<<<<
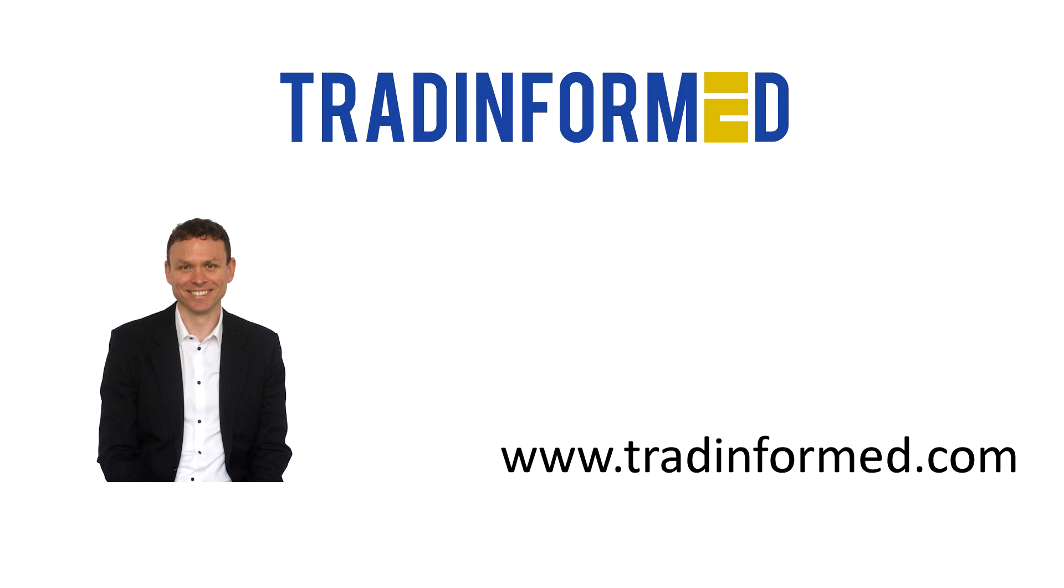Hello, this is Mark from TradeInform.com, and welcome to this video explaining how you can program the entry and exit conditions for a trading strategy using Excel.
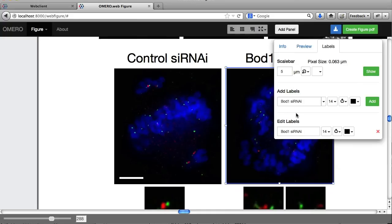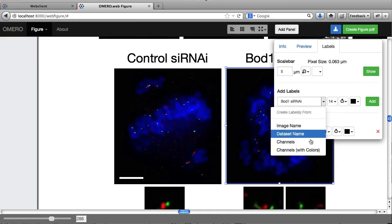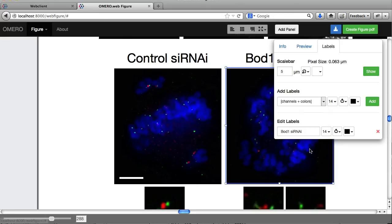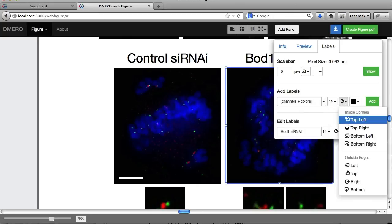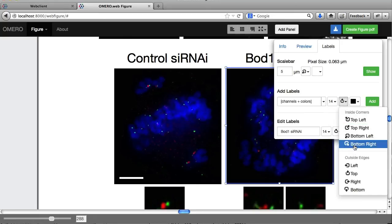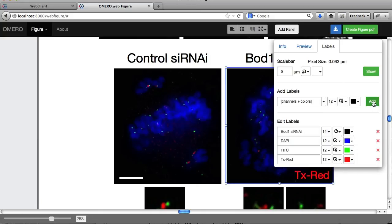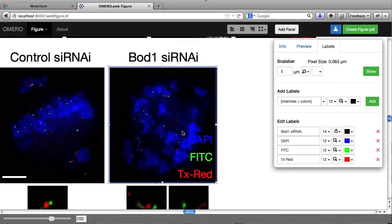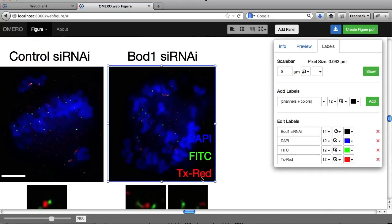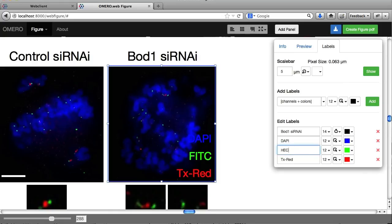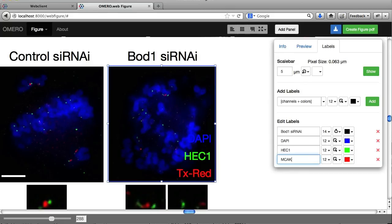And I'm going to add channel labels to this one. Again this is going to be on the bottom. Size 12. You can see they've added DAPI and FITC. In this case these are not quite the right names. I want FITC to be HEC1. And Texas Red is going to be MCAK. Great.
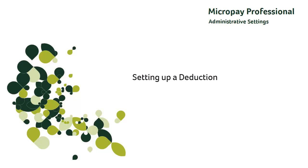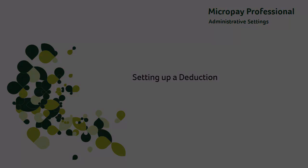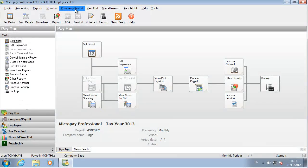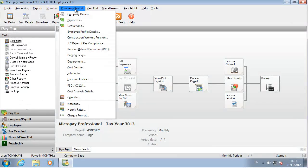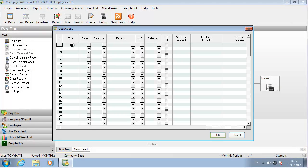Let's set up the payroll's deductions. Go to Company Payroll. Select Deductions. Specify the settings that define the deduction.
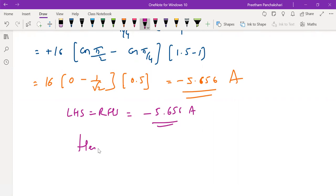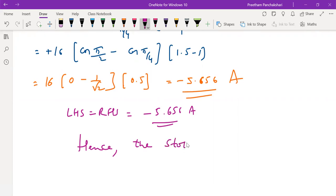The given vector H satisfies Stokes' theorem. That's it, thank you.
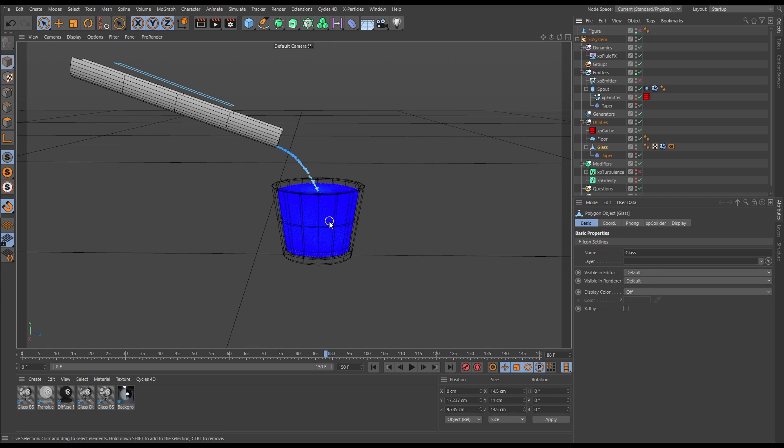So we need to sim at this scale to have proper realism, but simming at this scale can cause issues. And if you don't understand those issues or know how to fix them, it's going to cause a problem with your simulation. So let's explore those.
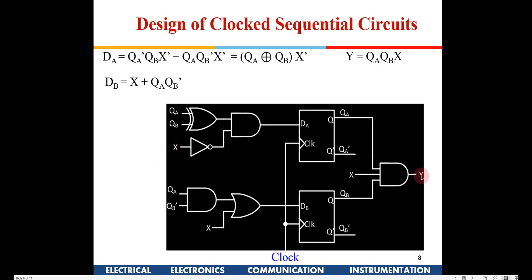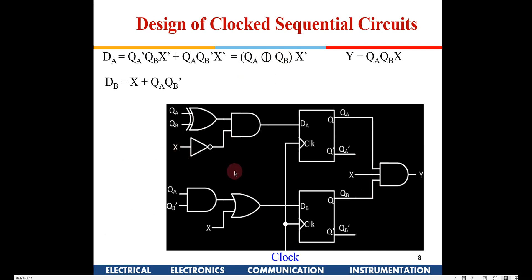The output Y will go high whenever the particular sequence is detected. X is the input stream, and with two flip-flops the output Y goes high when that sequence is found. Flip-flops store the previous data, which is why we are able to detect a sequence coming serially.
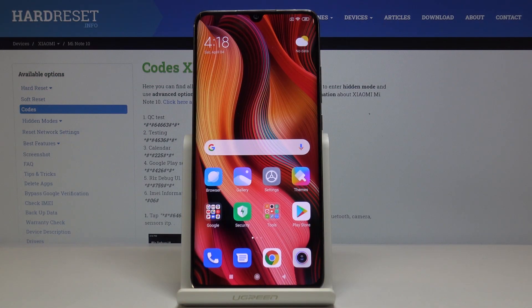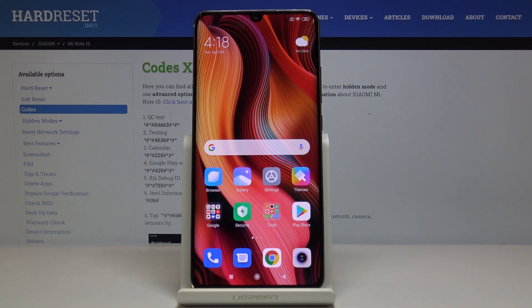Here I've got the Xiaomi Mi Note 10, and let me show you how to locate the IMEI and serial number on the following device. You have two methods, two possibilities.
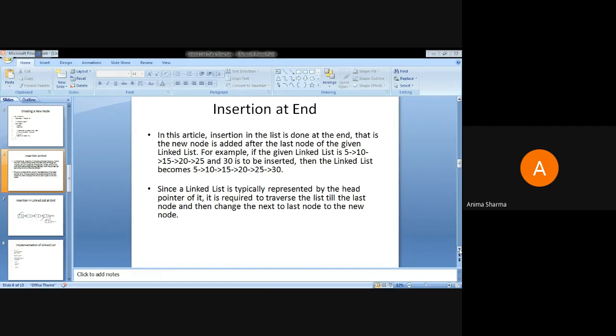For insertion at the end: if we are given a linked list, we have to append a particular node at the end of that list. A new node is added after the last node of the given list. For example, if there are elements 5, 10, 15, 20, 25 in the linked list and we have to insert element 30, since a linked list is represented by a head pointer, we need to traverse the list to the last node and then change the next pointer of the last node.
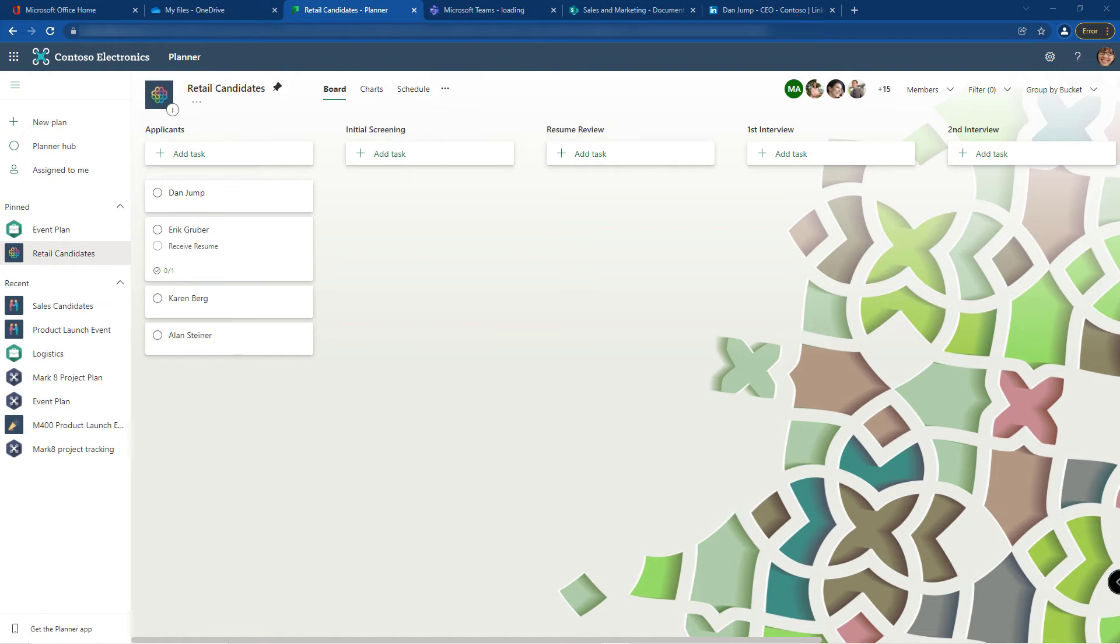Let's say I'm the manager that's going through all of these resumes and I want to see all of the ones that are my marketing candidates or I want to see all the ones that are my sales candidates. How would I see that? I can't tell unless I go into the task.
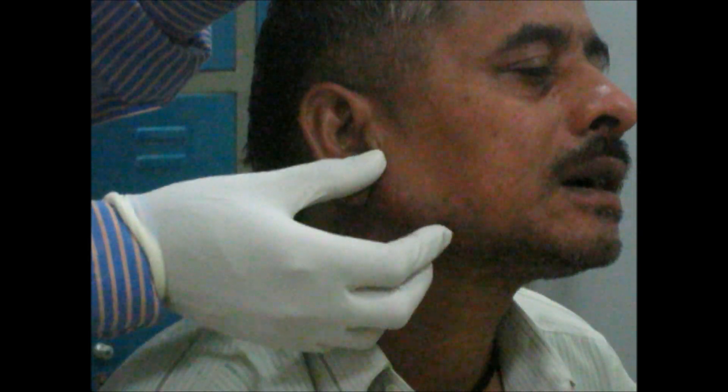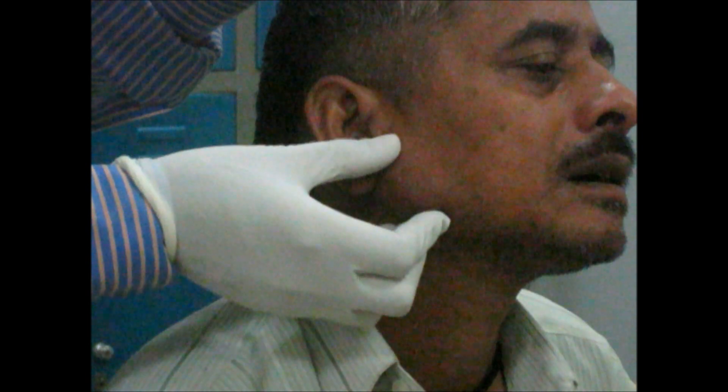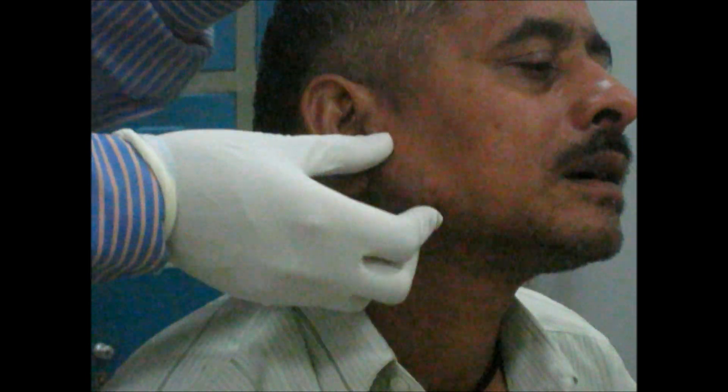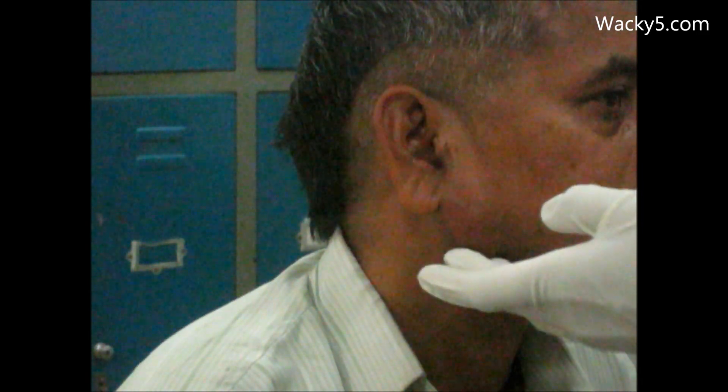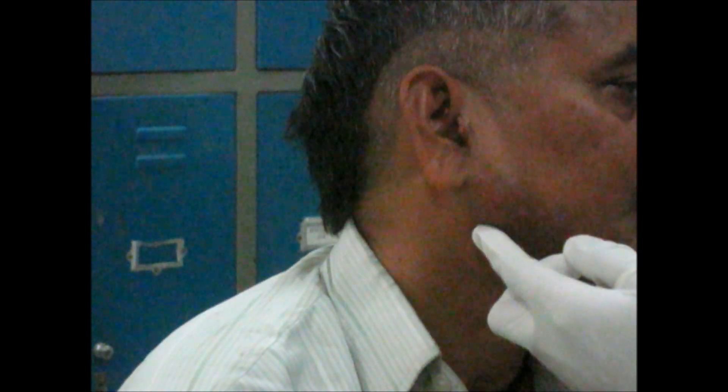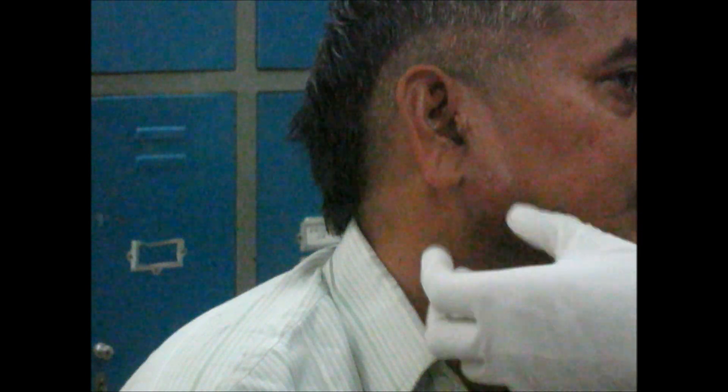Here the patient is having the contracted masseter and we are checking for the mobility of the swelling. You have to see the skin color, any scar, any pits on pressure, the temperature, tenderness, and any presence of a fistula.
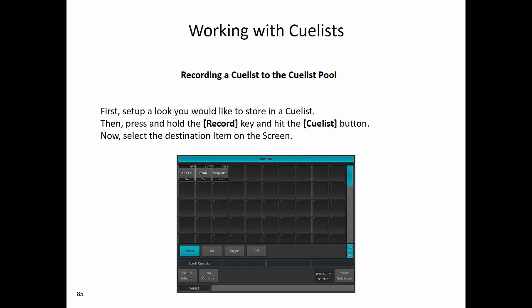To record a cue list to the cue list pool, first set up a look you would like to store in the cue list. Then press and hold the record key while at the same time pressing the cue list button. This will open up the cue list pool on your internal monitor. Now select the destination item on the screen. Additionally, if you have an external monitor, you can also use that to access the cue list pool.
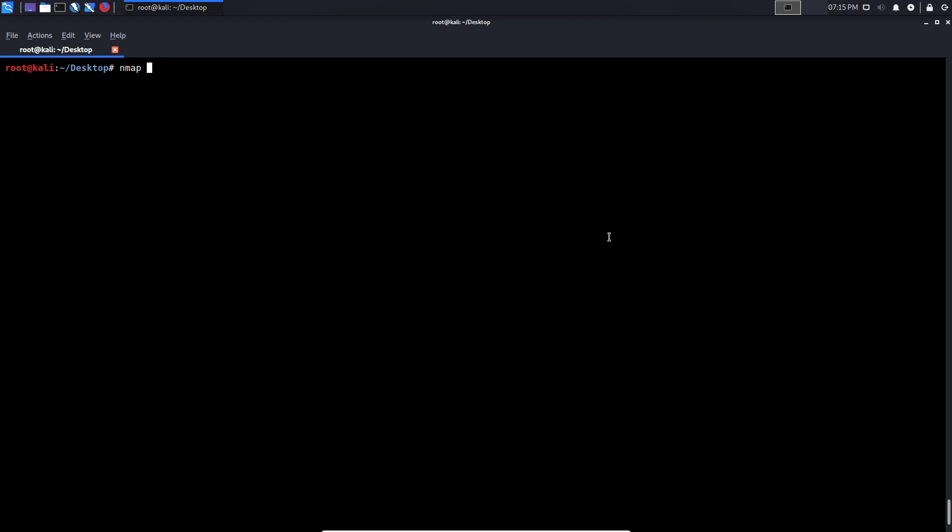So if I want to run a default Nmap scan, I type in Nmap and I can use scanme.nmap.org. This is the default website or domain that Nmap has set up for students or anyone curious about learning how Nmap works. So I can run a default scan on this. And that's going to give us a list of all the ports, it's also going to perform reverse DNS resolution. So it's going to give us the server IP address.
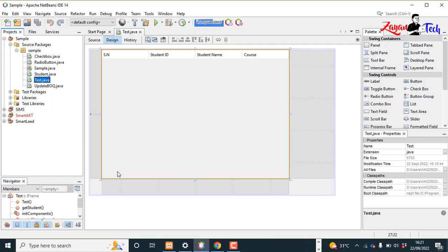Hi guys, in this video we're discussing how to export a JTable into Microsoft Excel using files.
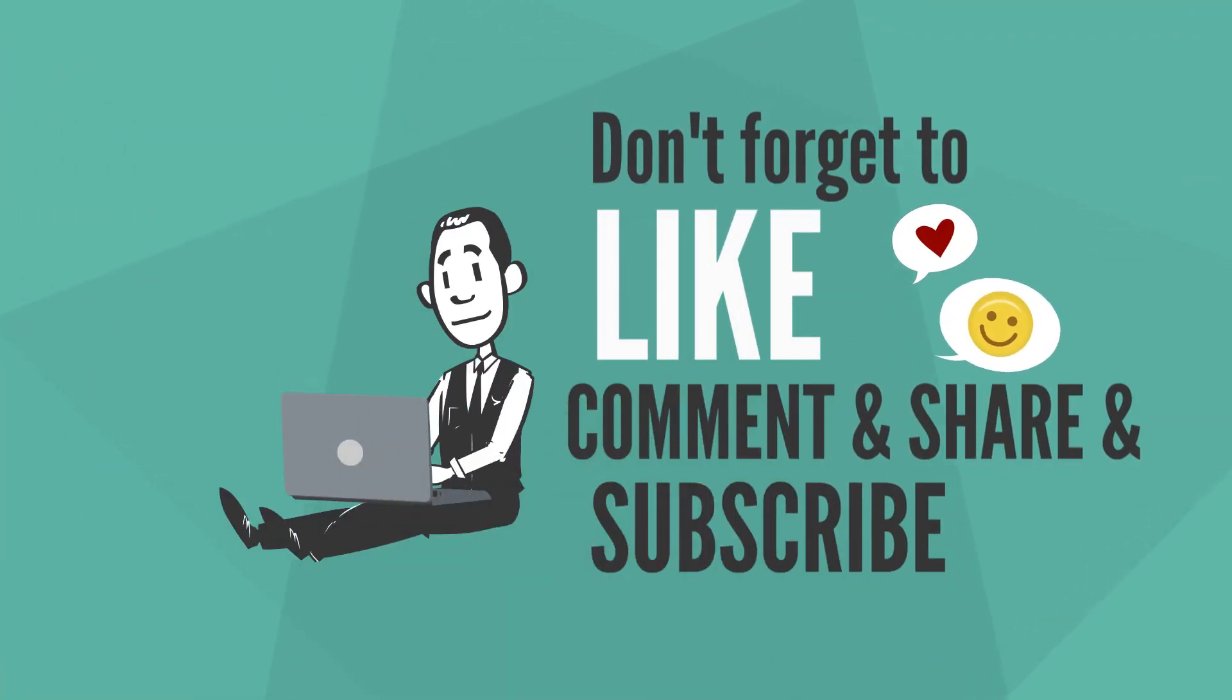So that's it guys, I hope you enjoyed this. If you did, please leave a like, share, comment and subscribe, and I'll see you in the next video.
>>>>
=== DIRECTIONS ===
Reproduce the listing above exactly, but skip the pictures.

=== EXERCISE ANSWER ===
Hello, this is Mark from TradeInform.com, and welcome to this video explaining how you can program the entry and exit conditions for a trading strategy using Excel.
And I'm going to add channel labels to this one. Again this is going to be on the bottom. Size 12. You can see they've added DAPI and FITC. In this case these are not quite the right names. I want FITC to be HEC1. And Texas Red is going to be MCAK. Great.
Let's set up the payroll's deductions. Go to Company Payroll. Select Deductions. Specify the settings that define the deduction.
The given vector H satisfies Stokes' theorem. That's it, thank you.
So we need to sim at this scale to have proper realism, but simming at this scale can cause issues. And if you don't understand those issues or know how to fix them, it's going to cause a problem with your simulation. So let's explore those.
The output Y will go high whenever the particular sequence is detected. X is the input stream, and with two flip-flops the output Y goes high when that sequence is found. Flip-flops store the previous data, which is why we are able to detect a sequence coming serially.
Here I've got the Xiaomi Mi Note 10, and let me show you how to locate the IMEI and serial number on the following device. You have two methods, two possibilities.
For insertion at the end: if we are given a linked list, we have to append a particular node at the end of that list. A new node is added after the last node of the given list. For example, if there are elements 5, 10, 15, 20, 25 in the linked list and we have to insert element 30, since a linked list is represented by a head pointer, we need to traverse the list to the last node and then change the next pointer of the last node.
Let's say I'm the manager that's going through all of these resumes and I want to see all of the ones that are my marketing candidates or I want to see all the ones that are my sales candidates. How would I see that? I can't tell unless I go into the task.
Here the patient is having the contracted masseter and we are checking for the mobility of the swelling. You have to see the skin color, any scar, any pits on pressure, the temperature, tenderness, and any presence of a fistula.
To record a cue list to the cue list pool, first set up a look you would like to store in the cue list. Then press and hold the record key while at the same time pressing the cue list button. This will open up the cue list pool on your internal monitor. Now select the destination item on the screen. Additionally, if you have an external monitor, you can also use that to access the cue list pool.
So if I want to run a default Nmap scan, I type in Nmap and I can use scanme.nmap.org. This is the default website or domain that Nmap has set up for students or anyone curious about learning how Nmap works. So I can run a default scan on this. And that's going to give us a list of all the ports, it's also going to perform reverse DNS resolution. So it's going to give us the server IP address.
Hi guys, in this video we're discussing how to export a JTable into Microsoft Excel using files.
So that's it guys, I hope you enjoyed this. If you did, please leave a like, share, comment and subscribe, and I'll see you in the next video.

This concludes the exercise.